Prevedendo, sia pure in circostanze eccezionali ed imprevedibili, riposi giornalieri di durata inferiore alle undici ore, la disposizione regionale in esame - e, di conseguenza, quella oggetto della presente impugnazione - viola dunque ad un tempo il comma 1 e il comma 2, lettera l) dell'art. 117 della Costituzione sia perche' non rispetta i vincoli derivanti alla potesta' legislativa delle Regioni dall'ordinamento comunitario sia perche', regolando profili attinenti all'ordinamento civile, invade ambito riservato all'esclusiva competenza legislativa dello Stato.

 

P.Q.M.

 

Il Presidente del Consiglio dei ministri chiede che codesta Ecc.ma Corte costituzionale, previa riunione, per evidenti ragioni di connessione soggettiva ed oggettiva, del presente ricorso al ricorso n. 4/2016, voglia dichiarare costituzionalmente illegittimo, e conseguentemente annullare, per i motivi sopra rispettivamente indicati ed illustrati, l'art. 1, comma 1, della legge della Regione Basilicata 4 agosto 2016, n, 17 - nella parte in cui modifica, quoad tempus, il comma 1 dell'art. 2 della legge regionale 26 novembre 2015, n. 53 - pubblicata nel Bollettino Ufficiale della Regione Basilicata n. 30 del 4 agosto 2016, come da delibera del Consiglio dei ministri assunta nella seduta del giorno 23 settembre 2016.

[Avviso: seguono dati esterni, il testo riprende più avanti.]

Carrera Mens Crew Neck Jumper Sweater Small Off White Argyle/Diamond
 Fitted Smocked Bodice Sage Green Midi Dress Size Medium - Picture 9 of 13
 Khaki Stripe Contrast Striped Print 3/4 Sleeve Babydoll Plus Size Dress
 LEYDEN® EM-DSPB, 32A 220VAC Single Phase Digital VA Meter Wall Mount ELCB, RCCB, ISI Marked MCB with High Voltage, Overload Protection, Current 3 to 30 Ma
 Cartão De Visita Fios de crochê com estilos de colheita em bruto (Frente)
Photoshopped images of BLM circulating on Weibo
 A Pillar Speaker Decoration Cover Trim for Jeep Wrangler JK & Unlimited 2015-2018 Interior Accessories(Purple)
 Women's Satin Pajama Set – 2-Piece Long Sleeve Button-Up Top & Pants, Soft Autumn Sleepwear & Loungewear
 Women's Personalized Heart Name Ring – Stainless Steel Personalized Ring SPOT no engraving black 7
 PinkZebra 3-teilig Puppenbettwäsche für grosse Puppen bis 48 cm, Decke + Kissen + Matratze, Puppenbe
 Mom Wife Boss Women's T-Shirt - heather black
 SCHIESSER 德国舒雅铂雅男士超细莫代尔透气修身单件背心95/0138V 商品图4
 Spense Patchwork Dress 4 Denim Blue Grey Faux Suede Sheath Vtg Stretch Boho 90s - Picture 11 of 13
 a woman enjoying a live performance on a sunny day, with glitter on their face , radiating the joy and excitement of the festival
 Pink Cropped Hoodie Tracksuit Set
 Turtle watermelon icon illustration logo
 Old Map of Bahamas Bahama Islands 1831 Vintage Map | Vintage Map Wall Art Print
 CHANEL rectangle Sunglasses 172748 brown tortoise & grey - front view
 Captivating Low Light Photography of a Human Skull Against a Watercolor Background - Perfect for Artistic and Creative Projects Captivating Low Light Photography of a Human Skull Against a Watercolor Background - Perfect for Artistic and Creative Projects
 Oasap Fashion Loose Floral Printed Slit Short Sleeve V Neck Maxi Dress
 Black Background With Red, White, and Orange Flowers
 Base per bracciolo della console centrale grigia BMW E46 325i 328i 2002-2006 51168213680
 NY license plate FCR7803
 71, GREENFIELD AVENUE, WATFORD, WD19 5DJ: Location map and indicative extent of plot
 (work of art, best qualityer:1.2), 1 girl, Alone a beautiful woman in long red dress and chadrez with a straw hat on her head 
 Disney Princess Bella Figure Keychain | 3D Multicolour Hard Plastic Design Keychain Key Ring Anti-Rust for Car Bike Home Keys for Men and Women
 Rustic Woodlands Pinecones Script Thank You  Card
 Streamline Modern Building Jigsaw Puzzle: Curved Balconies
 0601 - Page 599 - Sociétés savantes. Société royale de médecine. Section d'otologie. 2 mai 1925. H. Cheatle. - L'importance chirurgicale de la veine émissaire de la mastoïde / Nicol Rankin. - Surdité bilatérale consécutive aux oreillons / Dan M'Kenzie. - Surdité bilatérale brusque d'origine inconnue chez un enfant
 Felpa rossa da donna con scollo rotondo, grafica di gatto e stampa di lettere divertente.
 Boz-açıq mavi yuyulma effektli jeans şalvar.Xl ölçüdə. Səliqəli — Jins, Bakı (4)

Con l'originale notificato del ricorso si depositeranno i seguenti atti e documenti:

1. attestazione relativa alla approvazione, da parte del Consiglio dei ministri nella riunione del giorno 23 settembre 2016, della determinazione di impugnare la legge della Regione Basilicata 4 agosto 2016, n. 17 pubblicata nel Bollettino Ufficiale della Regione Basilicata n. 30 del 4 agosto 2016 secondo i termini e per le motivazioni di cui alla allegata relazione del Ministro per gli affari regionali e le autonomie;

2. copia della legge regionale impugnata pubblicata nel Bollettino Ufficiale della Regione Basilicata n. 30 del 4 agosto 2016.

Con riserva di illustrare e sviluppare in prosieguo i motivi di ricorso anche alla luce delle difese avversarie.